Appliquer une définition holistique du régime dans les choix quotidiens

En revenant au sens ancien de « diaita » — manière de vivre — nous pouvons reconquérir le régime comme quelque chose de bien plus large que la gestion du poids. Intégré aux concepts japonais d’équilibre, de respect des ingrédients et d’intendance environnementale, le régime devient une approche globale de la vie : comment nous nourrissons nos corps, comment nous nous relions aux saisons et aux communautés, comment nous nous engageons avec le monde vivant.

Concrètement, cette définition holistique se manifeste à travers de petits choix quotidiens :

Pour votre corps : adopter librement une structure inspirée de l’ichiju-sansai quelques fois par semaine ; mâcher lentement durant au moins un repas par jour ; choisir des ingrédients entiers et peu transformés quand c’est faisable.

Pour le bien-être émotionnel et social : remarquer et savourer la bouchée la plus délicieuse de chaque journée ; identifier et honorer vos valeurs alimentaires personnelles (comme apprécier les repas avec les autres ou célébrer l’abondance saisonnière) plutôt que de suivre simplement des listes d’interdictions.

Pour la responsabilité environnementale : privilégier les aliments de saison et de production locale ; utiliser pleinement les ingrédients, y compris les épluchures et les tiges ; transformer les restes en nouveaux plats plutôt que de les jeter.

Aucune de ces pratiques n’exige la perfection.
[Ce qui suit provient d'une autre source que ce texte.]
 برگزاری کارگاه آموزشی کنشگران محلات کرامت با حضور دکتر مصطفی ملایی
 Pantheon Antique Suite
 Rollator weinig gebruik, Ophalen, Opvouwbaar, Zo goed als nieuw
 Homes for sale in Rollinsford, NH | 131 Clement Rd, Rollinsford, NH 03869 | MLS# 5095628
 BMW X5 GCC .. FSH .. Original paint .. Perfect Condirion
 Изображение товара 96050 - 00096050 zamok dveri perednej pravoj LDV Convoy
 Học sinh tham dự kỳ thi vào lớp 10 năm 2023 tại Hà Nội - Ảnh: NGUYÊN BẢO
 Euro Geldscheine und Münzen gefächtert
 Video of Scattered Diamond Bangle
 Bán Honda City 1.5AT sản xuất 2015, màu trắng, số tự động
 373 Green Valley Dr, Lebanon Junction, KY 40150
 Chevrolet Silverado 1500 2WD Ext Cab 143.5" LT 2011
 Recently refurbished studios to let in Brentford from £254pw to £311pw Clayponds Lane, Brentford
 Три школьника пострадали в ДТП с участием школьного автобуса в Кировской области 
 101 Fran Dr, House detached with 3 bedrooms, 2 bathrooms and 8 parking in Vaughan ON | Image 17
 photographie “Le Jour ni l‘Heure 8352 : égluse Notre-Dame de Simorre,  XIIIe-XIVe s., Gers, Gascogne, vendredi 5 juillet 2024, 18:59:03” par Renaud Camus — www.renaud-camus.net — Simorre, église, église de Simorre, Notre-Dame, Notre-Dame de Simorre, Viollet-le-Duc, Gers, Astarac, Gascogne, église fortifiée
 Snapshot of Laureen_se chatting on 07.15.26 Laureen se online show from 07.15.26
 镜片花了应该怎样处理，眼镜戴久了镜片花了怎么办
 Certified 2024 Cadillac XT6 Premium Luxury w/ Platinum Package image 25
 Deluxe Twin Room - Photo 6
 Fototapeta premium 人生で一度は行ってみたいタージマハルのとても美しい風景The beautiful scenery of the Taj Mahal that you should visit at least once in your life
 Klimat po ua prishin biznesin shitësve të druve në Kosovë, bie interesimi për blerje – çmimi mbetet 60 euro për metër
Ensemble, elles forment un cadre flexible pour se relier à la nourriture d’une manière qui soutient la santé, le bonheur et la durabilité — non pas pendant quelques semaines restrictives, mais tout au long d’une vie.

Le régime, correctement compris, n’est pas un manuel de règles pour contrôler le poids. C’est l’art continu de bien vivre — avec conscience, intention et grâce — dans un corps, dans une communauté, sur une planète qui mérite notre attention.

Si vous souhaitez explorer davantage comment intégrer ces principes dans votre quotidien, vous pourriez commencer par une pratique simple : choisir un repas cette semaine où vous prendrez le temps de mâcher lentement et d’observer les saveurs. Ce petit geste peut ouvrir une nouvelle manière de vous relier à ce que vous mangez.